Metrology is the science of measurement, including the theoretical and practical aspects of how to measure something accurately, precisely and repeatably. The Met Office is responsible for huge amounts of measurement over area, height and time and over a range of widely different aspects such as variously temperatures , humidity, wind speed, air pressure, solar insolation – the list goes on and on. I was recently contacted by a former Met office observer who offered me some extremely eloquent advice regarding the Met Office claims of being able to take readings to the 5th decimal place such as at Cavendish. By way of a “guest” post I detail his expert comments below. It is a technical piece but very enlightening and well worth reading.

“The Philosophy of Calibration.
The old question often said today is ‘Who examines the examiners?’   In measurements a similar question is asked, ‘How do I know that the instrument against which I calibrate my instrument is any more accurate than that of mine’?   It is a question of ‘Traceability’.

Standards.
In the Middle Ages most large markets had two lines scratched on a wall to define length. Unfortunately there was no consistency between the various lengths until the King, via his government, defined the measurement by means of the length of a piece of metal. This was portable and could be used to judge if fraud was suspected.  However carting the metal bar all over the country could easily damage it by dropping it, etc, so a second (and third bar) was made. These were called Sub-Standards and could be compared to the Standard to confirm their accuracy. There was Traceability.  The original bar was a Standard, and the other bars were called Sub-Standards. Whereas this was acceptable for a market trader, shop or fabric supplier, as the industrial revolution progressed then more accurate standards were necessary.  

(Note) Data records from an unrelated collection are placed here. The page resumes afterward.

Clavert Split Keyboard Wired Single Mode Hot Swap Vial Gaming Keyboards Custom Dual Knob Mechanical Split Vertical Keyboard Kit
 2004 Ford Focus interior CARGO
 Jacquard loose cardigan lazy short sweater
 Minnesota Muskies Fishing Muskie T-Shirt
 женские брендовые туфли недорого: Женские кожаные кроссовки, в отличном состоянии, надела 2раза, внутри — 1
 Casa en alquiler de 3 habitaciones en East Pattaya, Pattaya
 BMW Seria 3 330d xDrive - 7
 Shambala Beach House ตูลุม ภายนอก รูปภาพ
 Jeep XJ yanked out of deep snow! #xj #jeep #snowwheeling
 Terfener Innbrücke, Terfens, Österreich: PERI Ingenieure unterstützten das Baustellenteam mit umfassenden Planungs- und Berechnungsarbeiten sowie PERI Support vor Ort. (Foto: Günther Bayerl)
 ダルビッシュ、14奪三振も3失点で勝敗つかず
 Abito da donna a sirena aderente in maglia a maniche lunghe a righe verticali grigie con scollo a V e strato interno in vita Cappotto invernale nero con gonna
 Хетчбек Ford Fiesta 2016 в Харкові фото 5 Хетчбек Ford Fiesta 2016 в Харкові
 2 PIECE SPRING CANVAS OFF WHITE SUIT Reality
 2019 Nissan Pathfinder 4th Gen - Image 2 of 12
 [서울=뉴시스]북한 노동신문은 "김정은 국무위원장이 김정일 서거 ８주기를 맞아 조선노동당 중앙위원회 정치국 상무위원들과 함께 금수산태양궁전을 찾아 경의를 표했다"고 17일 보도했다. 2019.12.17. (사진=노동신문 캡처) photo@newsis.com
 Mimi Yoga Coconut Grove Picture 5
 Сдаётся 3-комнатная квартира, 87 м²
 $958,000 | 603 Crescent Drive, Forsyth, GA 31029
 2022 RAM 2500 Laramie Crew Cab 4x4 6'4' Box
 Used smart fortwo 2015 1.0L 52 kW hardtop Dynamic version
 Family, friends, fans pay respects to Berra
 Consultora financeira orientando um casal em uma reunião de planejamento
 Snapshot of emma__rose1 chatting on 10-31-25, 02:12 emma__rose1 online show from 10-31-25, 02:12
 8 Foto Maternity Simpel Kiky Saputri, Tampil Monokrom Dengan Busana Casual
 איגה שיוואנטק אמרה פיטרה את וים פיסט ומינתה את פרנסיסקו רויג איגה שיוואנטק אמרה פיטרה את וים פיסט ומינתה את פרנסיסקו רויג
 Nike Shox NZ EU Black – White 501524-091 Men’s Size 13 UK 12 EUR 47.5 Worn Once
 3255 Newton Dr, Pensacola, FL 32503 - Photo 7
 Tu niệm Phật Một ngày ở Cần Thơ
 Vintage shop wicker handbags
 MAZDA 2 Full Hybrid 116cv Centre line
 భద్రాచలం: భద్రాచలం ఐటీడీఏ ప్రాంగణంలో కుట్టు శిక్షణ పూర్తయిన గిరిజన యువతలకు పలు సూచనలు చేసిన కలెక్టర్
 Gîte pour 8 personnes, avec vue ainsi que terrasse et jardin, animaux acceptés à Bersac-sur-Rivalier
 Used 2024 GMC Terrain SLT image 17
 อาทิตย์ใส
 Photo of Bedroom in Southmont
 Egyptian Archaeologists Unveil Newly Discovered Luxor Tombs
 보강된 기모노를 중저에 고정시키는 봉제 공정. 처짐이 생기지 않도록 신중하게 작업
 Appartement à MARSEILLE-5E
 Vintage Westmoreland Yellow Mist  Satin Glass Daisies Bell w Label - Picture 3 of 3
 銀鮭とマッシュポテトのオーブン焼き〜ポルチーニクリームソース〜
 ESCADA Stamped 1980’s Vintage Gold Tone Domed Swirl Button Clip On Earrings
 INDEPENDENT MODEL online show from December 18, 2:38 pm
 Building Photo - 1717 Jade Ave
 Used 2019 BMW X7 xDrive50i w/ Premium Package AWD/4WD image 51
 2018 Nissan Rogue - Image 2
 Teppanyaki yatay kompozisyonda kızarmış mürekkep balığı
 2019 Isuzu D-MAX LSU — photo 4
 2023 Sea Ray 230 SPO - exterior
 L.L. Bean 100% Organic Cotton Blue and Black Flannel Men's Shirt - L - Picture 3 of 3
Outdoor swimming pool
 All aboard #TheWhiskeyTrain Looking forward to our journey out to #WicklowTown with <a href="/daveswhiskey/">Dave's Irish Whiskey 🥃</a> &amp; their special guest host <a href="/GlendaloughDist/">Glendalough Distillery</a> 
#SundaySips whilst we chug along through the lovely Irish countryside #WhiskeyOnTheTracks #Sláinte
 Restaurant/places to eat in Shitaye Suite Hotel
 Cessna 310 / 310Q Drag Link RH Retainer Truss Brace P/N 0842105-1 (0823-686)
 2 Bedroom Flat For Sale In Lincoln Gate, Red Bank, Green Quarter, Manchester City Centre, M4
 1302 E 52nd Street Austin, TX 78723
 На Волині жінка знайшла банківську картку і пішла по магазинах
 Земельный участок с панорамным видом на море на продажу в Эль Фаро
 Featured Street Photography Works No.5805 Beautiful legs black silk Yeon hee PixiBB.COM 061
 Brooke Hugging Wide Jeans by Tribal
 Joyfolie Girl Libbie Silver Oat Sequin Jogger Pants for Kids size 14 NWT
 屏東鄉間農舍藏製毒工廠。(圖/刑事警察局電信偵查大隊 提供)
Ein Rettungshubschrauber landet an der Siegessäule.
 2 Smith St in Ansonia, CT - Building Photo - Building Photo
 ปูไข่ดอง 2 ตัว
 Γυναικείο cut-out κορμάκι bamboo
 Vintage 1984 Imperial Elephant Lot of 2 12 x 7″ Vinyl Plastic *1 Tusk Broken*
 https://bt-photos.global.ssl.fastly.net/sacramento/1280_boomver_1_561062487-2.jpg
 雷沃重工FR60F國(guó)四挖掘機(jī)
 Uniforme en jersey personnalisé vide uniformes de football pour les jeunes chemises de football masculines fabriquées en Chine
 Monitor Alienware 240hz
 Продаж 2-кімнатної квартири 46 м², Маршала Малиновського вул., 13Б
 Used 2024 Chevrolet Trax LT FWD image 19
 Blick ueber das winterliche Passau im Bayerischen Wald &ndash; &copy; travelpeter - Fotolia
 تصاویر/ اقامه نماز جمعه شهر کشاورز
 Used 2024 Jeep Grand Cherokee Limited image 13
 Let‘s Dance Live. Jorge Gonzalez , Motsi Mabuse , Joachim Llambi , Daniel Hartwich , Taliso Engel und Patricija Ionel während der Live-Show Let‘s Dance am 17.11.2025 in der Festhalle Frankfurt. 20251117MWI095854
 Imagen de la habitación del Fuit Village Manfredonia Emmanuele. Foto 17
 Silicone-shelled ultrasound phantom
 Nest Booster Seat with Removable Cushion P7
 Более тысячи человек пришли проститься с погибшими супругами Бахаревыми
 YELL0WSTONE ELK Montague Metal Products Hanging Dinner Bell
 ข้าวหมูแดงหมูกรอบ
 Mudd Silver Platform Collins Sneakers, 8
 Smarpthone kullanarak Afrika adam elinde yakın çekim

The metre was historically defined by the French Academy of Sciences in 1791 as 1/10,000,000 of the quadrant of the Earth’s circumference running from the North Pole through Paris to the equator.    It was a convenient measure as it was of similar to the British yard.   The International Bureau of Weights and Measures in 1889 established the international prototype meter as the distance between two lines on a standard bar of 90 percent platinum and 10 percent iridium. By 1960 advances in the techniques of measuring light waves had made it possible to establish an accurate and easily reproducible standard independent of any physical artefact. In 1960 the meter was thus defined in the SI system as equal to 1,650,763.73 wavelengths of the orange-red line in the spectrum of the krypton-86 atom in a vacuum.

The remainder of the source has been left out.